On which count (sorry to the others for the digression), a related recent OneWorld article: Slum Hordes? World at Urban Crossroads, Warns Report ("Over half the 1.1 billion people projected to join the world's population over the next quarter century could live in under-served urban slums, warns a report released today by an environmental and social policy think tank.")


This is off-topic re the subject of the thread, but to follow up on the post above:

Quote:
Germany's intelligence service worried about megacities

1 November 2007
Expatica

Germany's Federal Intelligence Service (BND) views with alarm developments in some of the world's huge cities, where national police forces are on the retreat, BND President Ernst Uhrlau said in Berlin Thursday.

Uhrlau, who does not reveal his thoughts in public often, named Mumbai, Mexico City and Jakarta, saying they had become partially ungovernable.

He noted the rise of private security firms to protect wealthier residents in sealed communities or to support the army, as in Iraq.

"The increasing privatisation of core state responsibilities in the military and security areas carries with it the danger - even in Western states - of the erosion of the state's monopoly on the use of force," Uhrlau said.

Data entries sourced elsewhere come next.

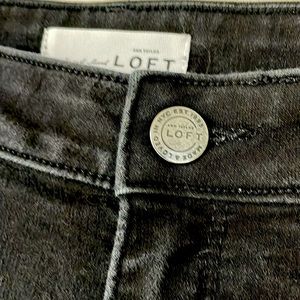 Ann Taylor Loft Black Curvy Skinny Jeans size 26/2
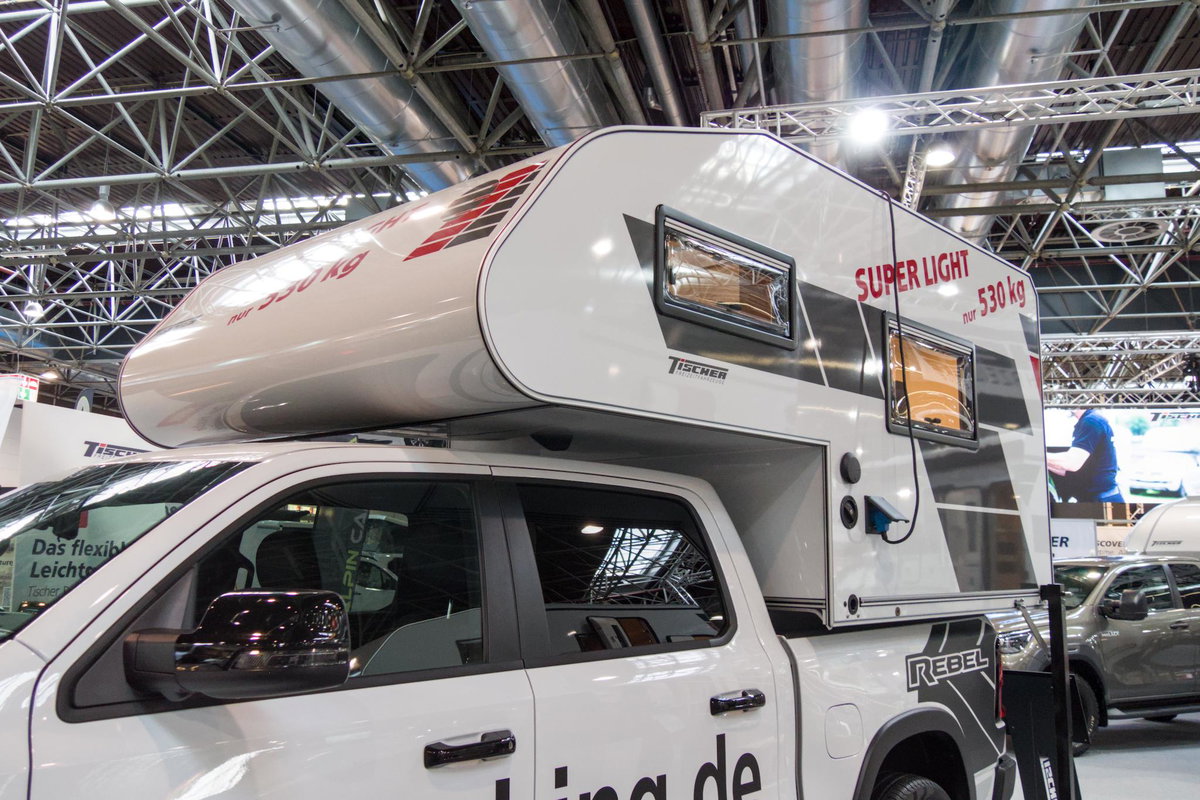 Tischer 200 Superlight auf dem Caravan Salon 2026: Alkoven.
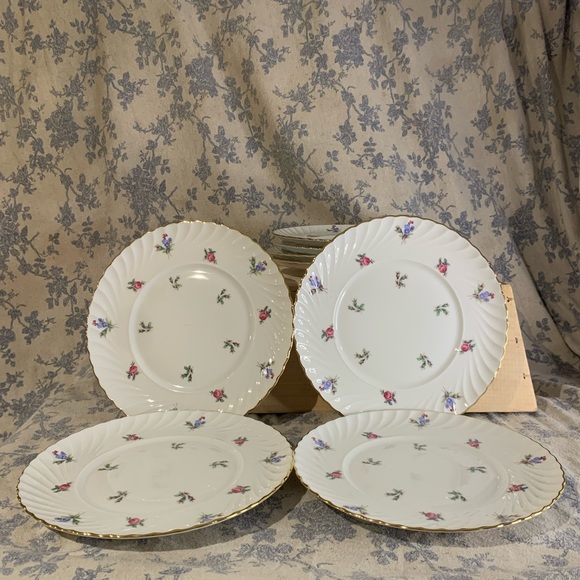 VTG 1950s Set of 8 Royal Tettau Dresden Flowers Salad Plates Gold Trim - Picture 7 of 12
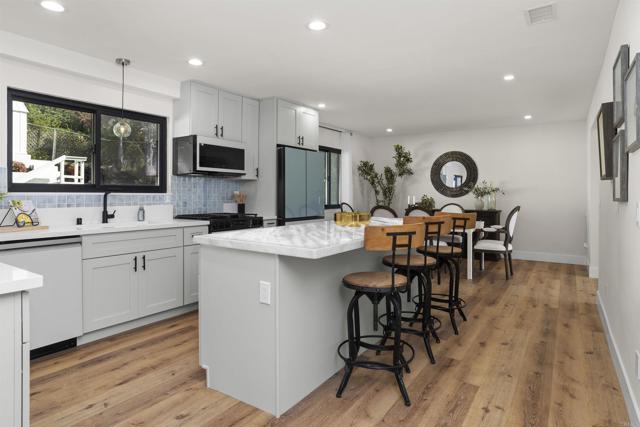 Detail Gallery Image 17 of 72 For 2841 Lloyd Street, San Diego,  CA 92117 - 5 Beds | 3/1 Baths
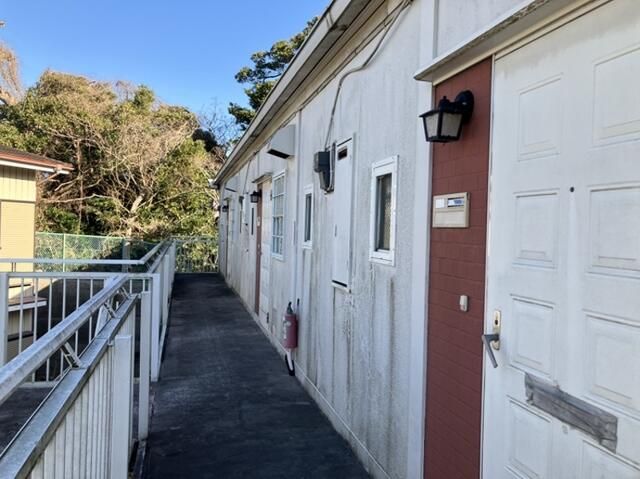 Green Hill 2DK Apartment for Rent in Yokosuka, Kanagawa - Thumbnail 2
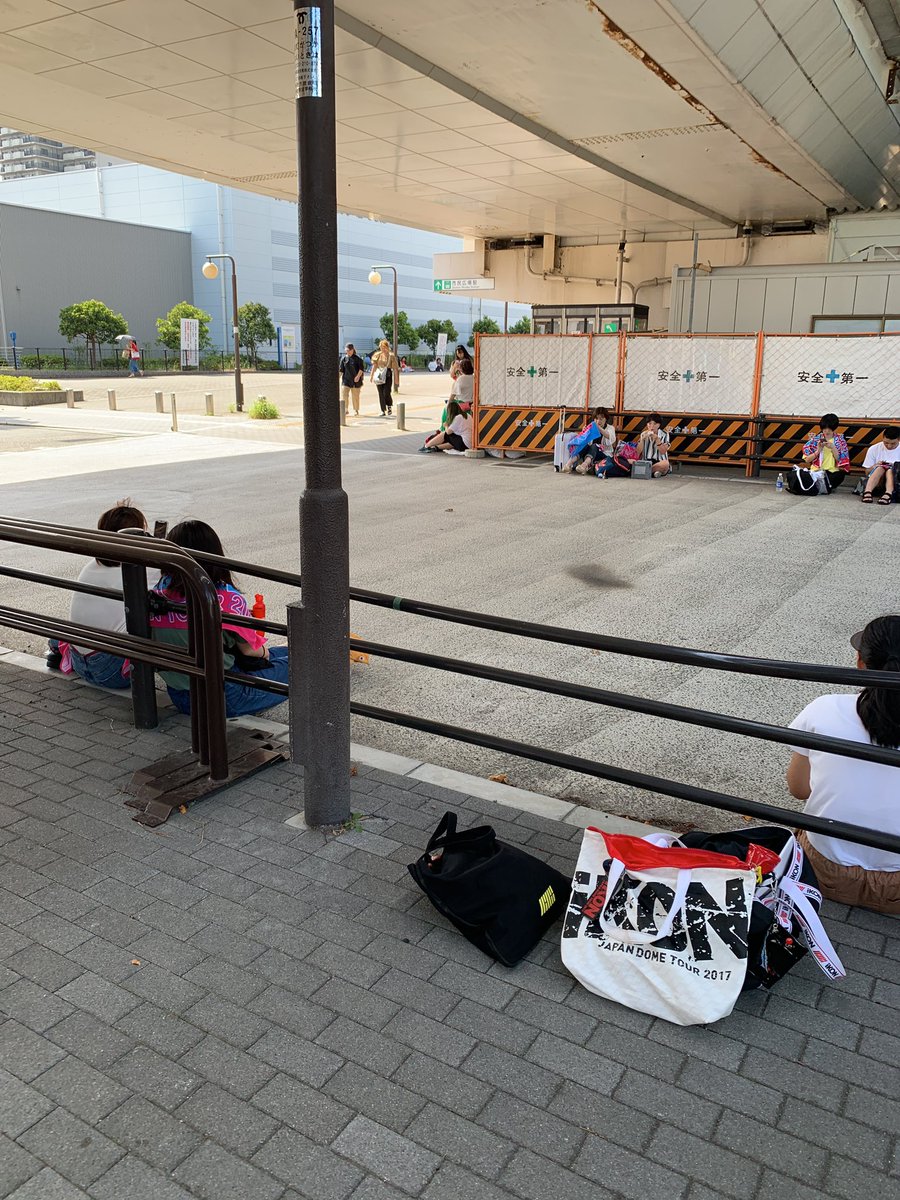 📣現地販売

こちらで開始します😌
現地購入か現地受領かをお伝えください！１セット3000円です！！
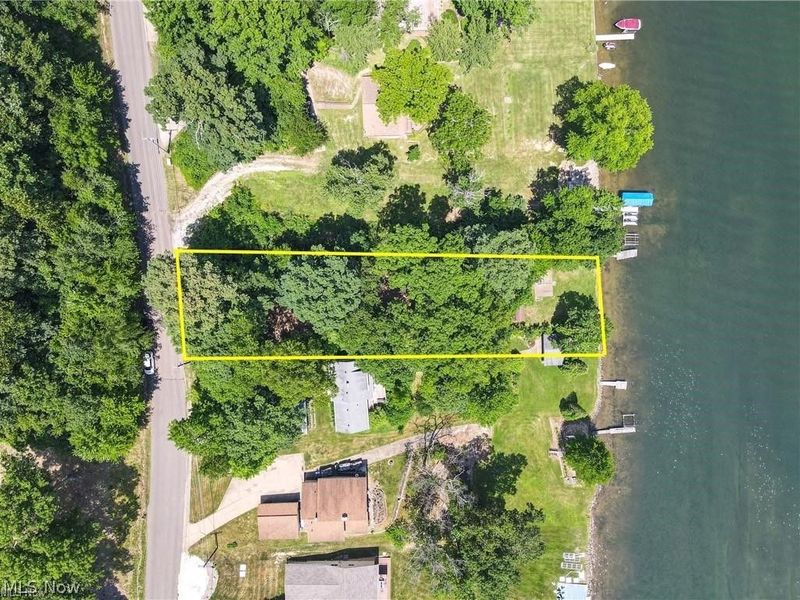 154 W Mohawk Drive, Malvern, OH 44644 Photo 6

He was addressing a conference in Berlin on the theme "Collapse of Order," attended by politicians, diplomats and intelligence service personnel from a number of countries.

International security was being compromised by the retreat of police and military in the face of terrorists, militias and drug dealers in parts of Africa, Asia and Latin America, he said. [..]

This could lead to the destabilisation of entire regions and promote international terrorism, he warned. [..]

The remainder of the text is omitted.